Since football schedules have so exasperated Minnesota fans this week, here's one more complaint: Why couldn't the Gophers face Wisconsin three weeks ago?

The Badgers were staggering back then, seemingly teetering on a disastrous season, 3-2 and with a home-field loss to Utah State averted only when a game-winning field goal faded right. Wisconsin's proud running game was a joke, the Big Ten's worst, and Montee Ball's Heisman candidacy abandoned. The offensive line coach was fired, the quarterback was benched midgame, and a Leaders Division title all but handed to them was in jeopardy.

The Gophers, meanwhile, entered that day unbeaten, confident, soaring. Their defense was the only one in the country that had not allowed a 30-yard play, they were receiving votes in the USA Today coaches' poll, and bowl eligibility appeared all but certain.

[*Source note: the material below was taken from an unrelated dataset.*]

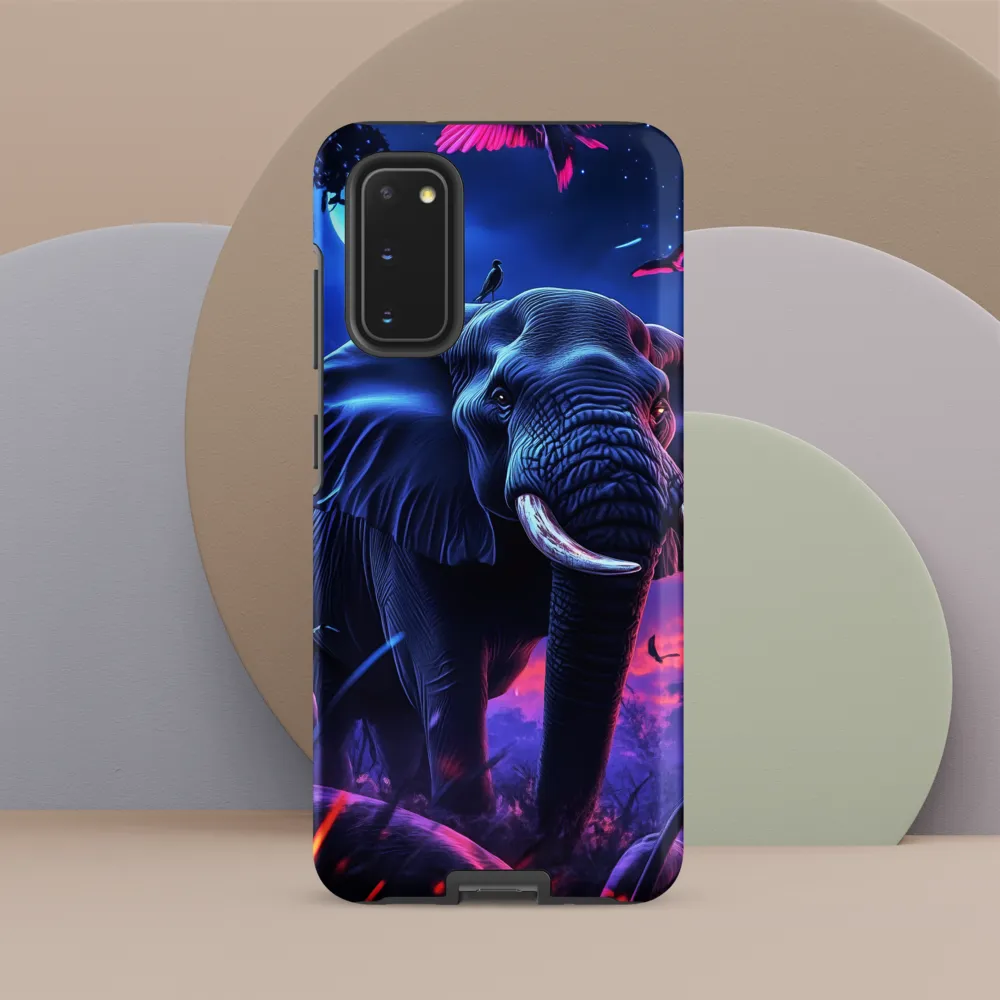 Ethereal Majesty: The Elephant of Twilight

Seems so long ago, doesn't it?

The most-played rivalry in college football on Saturday will pit a couple of teams whose fortunes have been reversed by their past two Big Ten games. On paper, the Battle for the Axe has reverted to the form that kept the iconic trophy in Madison for eight straight years.

"They've done a good job of getting themselves straightened out," Gophers coach Jerry Kill said. "They've got their identity, and they didn't go away from it. They didn't panic."

Nope, and that's probably good advice for the Gophers, too. They have been battered by breakout first-half runs in both of their losses, backpedaling for 177 yards by Iowa's Mark Weisman and 182 by Northwestern's Venric Mark. They fell behind by double digits in both games, a huge hole for a team using a backup quarterback, one that hasn't scored more than 17 points in more than a month.

Now they get Ball, a senior who finished fourth in the voting for last year's Heisman Trophy, and one who rolled up 116 yards to turn around Wisconsin's season against Illinois, then busted out for a career-high 247 yards and three touchdowns in the rain last week at Purdue.

"You have a back who, in my opinion, will be the best back that we've played," Gophers defensive coordinator Tracy Claeys said. "He's as good as there is in the Big Ten."

So what changed? How did a rushing game that averaged 126 yards per game entering October gain more yardage in two games that it had in the previous five combined?

The Badgers simply started taking their time, Claeys said.

"You can tell Montee's gotten a lot better. He's more patient, waiting on his blocks," Claeys said. "Earlier in the year, he was trying to force it. He was really quick to the line of scrimmage, jamming it up there. Now he's slowed down, being patient, then hitting seams."

The game will come down to the Gophers' ability to correctly man each gap in Wisconsin's line, and stay there until Ball commits. But despite the ugly first-half numbers, Claeys is encouraged by the fact that the Gophers haven't quit. The defense didn't allow a second-half point in either loss, he points out.

"I see us getting better, I really do. I think we're improving," Claeys said. "We can play good enough defense, in my opinion, so that all the games will be just like the [Northwestern] game -- it comes down to the fourth quarter and whoever can make a play. We're playing good enough defense that we have a chance to win."